Exercise instructions - Wherever a picture appears, skip it and retype the rest of the data exactly.

Collected material -
================================

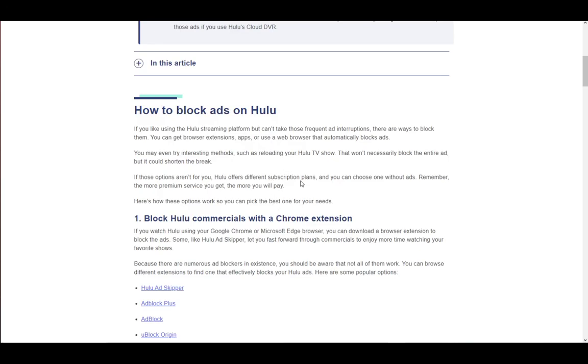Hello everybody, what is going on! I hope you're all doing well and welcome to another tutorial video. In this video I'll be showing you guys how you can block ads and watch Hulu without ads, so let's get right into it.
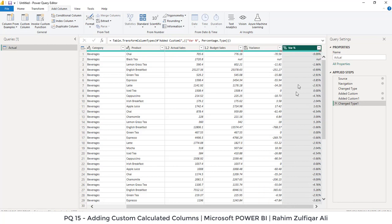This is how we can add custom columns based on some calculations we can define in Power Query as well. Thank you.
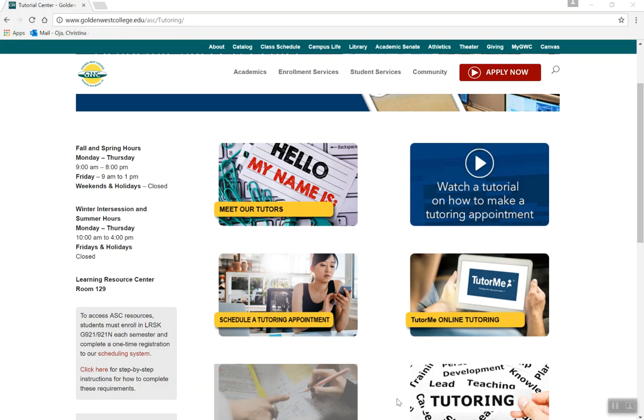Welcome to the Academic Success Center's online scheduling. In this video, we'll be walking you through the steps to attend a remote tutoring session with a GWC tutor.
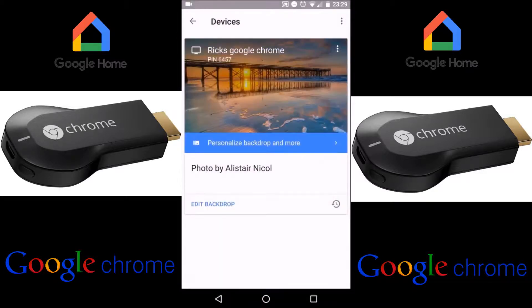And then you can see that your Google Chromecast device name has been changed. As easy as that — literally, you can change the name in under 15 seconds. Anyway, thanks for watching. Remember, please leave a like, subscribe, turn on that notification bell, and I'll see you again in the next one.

================================

Answer box -
Hello everybody, what is going on! I hope you're all doing well and welcome to another tutorial video. In this video I'll be showing you guys how you can block ads and watch Hulu without ads, so let's get right into it.
This is how we can add custom columns based on some calculations we can define in Power Query as well. Thank you.
Welcome to the Academic Success Center's online scheduling. In this video, we'll be walking you through the steps to attend a remote tutoring session with a GWC tutor.
And then you can see that your Google Chromecast device name has been changed. As easy as that — literally, you can change the name in under 15 seconds. Anyway, thanks for watching. Remember, please leave a like, subscribe, turn on that notification bell, and I'll see you again in the next one.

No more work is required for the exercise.